The war is over. Fred Braue is 40 years old, recently married and the wife is pregnant. The shipyard stopped producing warships and the number of employes goes from 39.000 to 11.000 in a few months. Fred decides to go back into journalism and in between jobs he and his wife go to the East Coast via Chicago mid 1946 for a duration of two months to visit and meet for the FIRST TIME Jean Hugard face to face. Also to see his new friend Paul Fleming in Swarthmore,Penn. as well as his old publisher Carl Jones (ECT).
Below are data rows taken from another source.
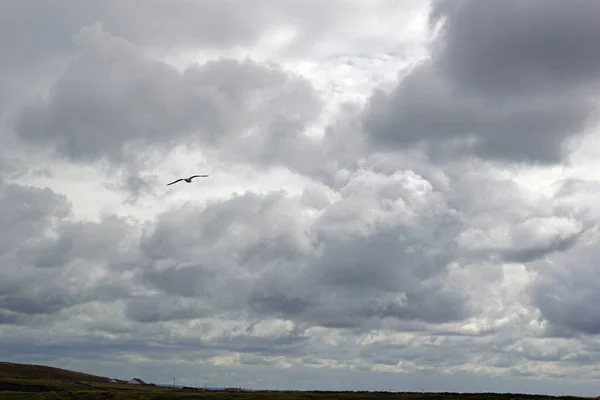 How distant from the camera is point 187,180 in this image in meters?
176

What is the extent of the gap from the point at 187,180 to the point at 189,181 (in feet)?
1.96

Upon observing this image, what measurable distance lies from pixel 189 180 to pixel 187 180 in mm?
521

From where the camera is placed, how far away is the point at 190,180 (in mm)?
176250

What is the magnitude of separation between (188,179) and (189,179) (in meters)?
0.84

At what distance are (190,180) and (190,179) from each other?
1162 mm

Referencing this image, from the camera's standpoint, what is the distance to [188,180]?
578ft

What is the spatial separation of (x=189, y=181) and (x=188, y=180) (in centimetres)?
37

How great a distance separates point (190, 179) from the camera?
575 ft

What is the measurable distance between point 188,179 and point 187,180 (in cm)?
50

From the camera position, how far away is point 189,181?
6939 inches

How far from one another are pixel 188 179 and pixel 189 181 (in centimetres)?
61

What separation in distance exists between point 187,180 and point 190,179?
4.24ft

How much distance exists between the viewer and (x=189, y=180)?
17600 cm

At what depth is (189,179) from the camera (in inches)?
6914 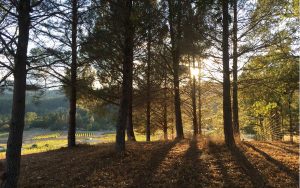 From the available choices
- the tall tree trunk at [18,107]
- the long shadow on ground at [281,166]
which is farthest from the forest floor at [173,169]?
the tall tree trunk at [18,107]

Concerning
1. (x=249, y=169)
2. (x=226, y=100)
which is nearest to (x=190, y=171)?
(x=249, y=169)

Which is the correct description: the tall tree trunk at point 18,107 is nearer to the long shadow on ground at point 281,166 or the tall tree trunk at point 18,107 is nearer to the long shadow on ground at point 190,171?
the long shadow on ground at point 190,171

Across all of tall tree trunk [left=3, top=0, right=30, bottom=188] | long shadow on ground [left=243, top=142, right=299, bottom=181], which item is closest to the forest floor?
long shadow on ground [left=243, top=142, right=299, bottom=181]

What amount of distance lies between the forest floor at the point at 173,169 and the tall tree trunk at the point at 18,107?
1.05 meters

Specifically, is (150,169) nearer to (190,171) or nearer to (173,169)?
(173,169)

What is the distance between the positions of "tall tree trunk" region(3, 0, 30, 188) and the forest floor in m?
1.05

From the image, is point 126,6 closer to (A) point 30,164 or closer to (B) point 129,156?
(B) point 129,156

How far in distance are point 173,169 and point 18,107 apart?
3.80m

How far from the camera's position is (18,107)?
626 cm

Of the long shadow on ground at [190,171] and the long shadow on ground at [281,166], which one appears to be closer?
the long shadow on ground at [190,171]

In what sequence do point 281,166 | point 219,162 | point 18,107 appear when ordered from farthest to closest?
point 219,162
point 281,166
point 18,107

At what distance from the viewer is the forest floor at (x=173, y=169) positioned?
6.55 metres

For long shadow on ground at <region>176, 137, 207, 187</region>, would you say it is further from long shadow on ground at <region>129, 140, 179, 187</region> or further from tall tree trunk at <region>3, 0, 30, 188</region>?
tall tree trunk at <region>3, 0, 30, 188</region>

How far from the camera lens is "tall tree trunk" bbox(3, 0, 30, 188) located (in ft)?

The SAM conference in Washington is also in the program and in his luggage he has a bundle of the Invisible Pass booklet.

Returning to California he and wife are very busy setting up their new home and adjusting to the new job and not before October 2 1946 he is able to write a long letter to Paul Fleming to give his impressions from his long stay in New York. Here is this interesting letter:

.... I note that you have seen Kaplan work and that you liked his work. I did too and should imagine that his book would be most worthwhile, although I haven't seen the copy. I liked Kaplan personally and from his past record - that is, the tricks which he has already published - think him most ingenious and practical. He did one trick at a show back East which took my eye - that of unreeling about ten yards of white thread, after which a spectator helped break it into a great number of short lengths; after which Kaplan held the broken pieces, balled, on the palm of his hand; after which the thread was spread from one to the other and was fully restored. This, to me, was much more interesting than a rope restoration. It was amazing at what a distance the white thread could be seen.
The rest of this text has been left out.